1:06:12 K: Why? Why don’t I move from this? And Miss Pratt replies to that: ‘I am deeply, heavily, profoundly, irrevocably conditioned’. And I say: you have listened to this man – Miss Pratt has actually – for about probably fifty years, and why haven’t you done anything about it? It’s a legitimate question. You say, ‘I can’t do anything about it because I don’t know what to do’. Either you have not listened to the man at all or you are really unwilling to break through this conditioning. Full stop. I want to learn Sanskrit, or Latin or Greek, whatever it is, and I have spent thirty years learning. At the end of it, if I don’t… if I haven’t learned anything about it, I say, ‘My God, what’s wrong with me?’ So I give up whatever language I am trying to learn and forget about it – I say, ‘Yes, I am deeply conditioned. All right, it’s a fact, let’s get on with it’. But you see, we know we are conditioned, and we also know we shouldn’t be conditioned, so the battle goes on. Right? Right? And I say don’t have a battle about… don’t struggle to be unconditioned – all right, accept it, and get on with it. But if you don’t want to, if you feel that being conditioned is rather unnecessary, then you do something about it. That’s all. Have we answered your question: why don’t we change? Why don’t we, after listening to you for some time, why is it that we more or less remain in the same narrow groove?
1:09:07 DP: Not really. It isn’t answered. I can’t believe on the one hand that one hasn’t listened. I can’t believe that.

K: I don’t know. All that I’m saying: either you have listened and see the importance and break, or you say, ‘Well, it’s all right’, and… I play with it.
1:09:35 MZ: Are you saying that we want to hold on to the comfortable part of conditioning? We want to stay in the habit, because that’s the way it is.
1:09:44 K: Yes, yes, that’s it.
1:09:45 MZ: But at the same time we realise something’s wrong, but not enough to do something about it.
1:09:51 K: You see, I am one of that kind that wants to go the whole hog. Sorry to use that expression. I want to go to the very end of it. I don’t want to come to the middle of it and be a slightly mediocre enlightened person.
1:10:12 Q: Sir, we can follow with words of depression… Thus I think it’s very important we clarify many of the and how we are conditioned. What are we doing wrong?
1:10:29 K: I’m afraid, sir, most of us want to play with it, want to go halfway with it. Right? What do you say? You have listened to me. At last, I can get at somebody! You have listened to me for twenty years; why haven’t you changed? I’m not being personal. Why haven’t you changed?
1:11:17 SN: I think, sir, that one difficulty is that the brain works at things piecemeal. I mean, the brain works at one thing at a time instead of looking at the whole.
1:11:31 K: All right, why doesn’t it do it as a whole?
1:11:34 SN: Because as you were talking I was thinking. You know, you were talking about, you know, working at the physical or whatever, you know, seeing that you’re not alcoholic, or… I mean, those are things that are not difficult to work at.

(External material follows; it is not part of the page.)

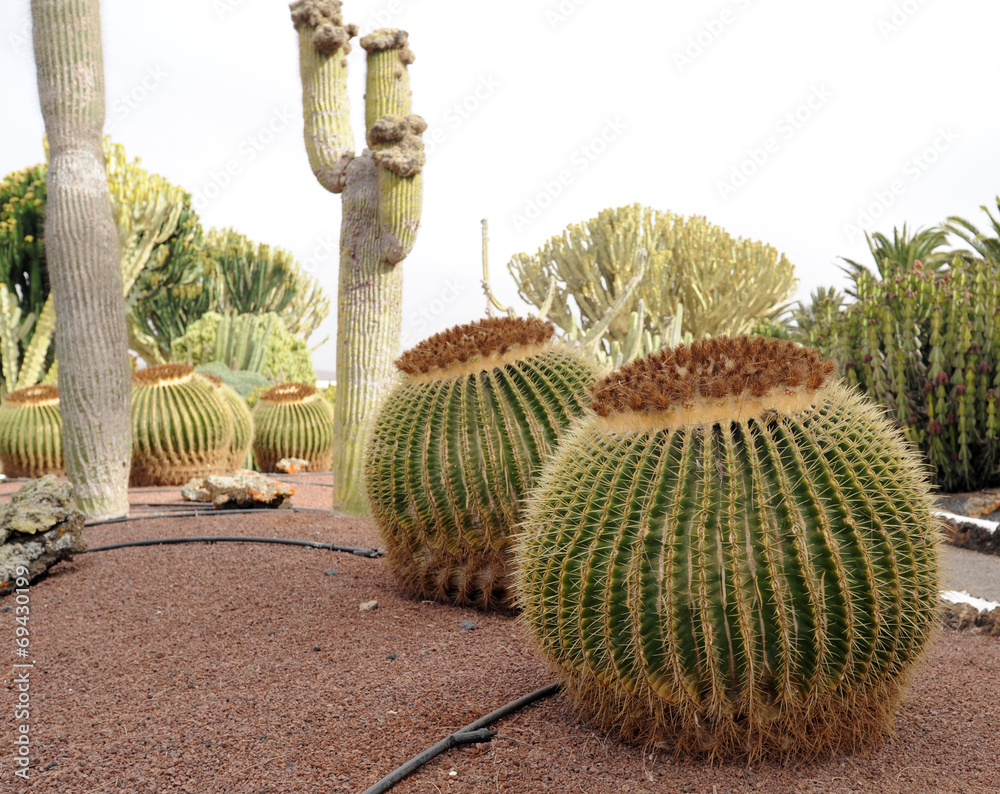 Coussins de bellemère (Echinocactus grusonii) au Jardin de cac foto de — free download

1:11:52 K: But I haven’t... S

N: I think most of us…
1:11:53 K: But, my lady, you haven’t answered my question. You have listened to all this for twenty years, I’m pretty sure, at least twenty years – why haven’t you changed? You know, merely looking at it one bit by bit by bit doesn’t solve it. You know it very well.
1:12:27 Raman Patel: Perhaps we don’t taste this as an actuality but just imagine about it, I suppose.

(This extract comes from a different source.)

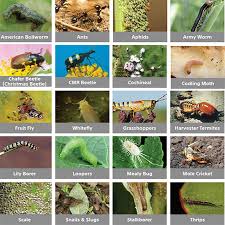 We did not find results for: Home Dzine Garden Ideas What Pest Is That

1:12:41 Q: I am questioning myself if really I want to change.
1:13:04 K: Well, it’s quarter to one. Have we stopped? Have we stopped talking about change? Because we can go on with this thing, this thing going, day after day, saying, ‘Why am I not changed? Why should I change? I am partly... I see part of it, I didn’t see the whole of it. Why don’t I see the whole of it? I am this, I am...’ You can go on like this for the next forty years. By then, I’ll be dead and you’ll be also probably going. So, have we answered this question, why we in this room, who have listened to the poor chap for forty years or twenty years, why haven’t we changed? You can give a hundred explanations. Right? At the end of the ninety-nine explanations you are where you are. Right? Then what will you do? Go to lunch. Much the safest!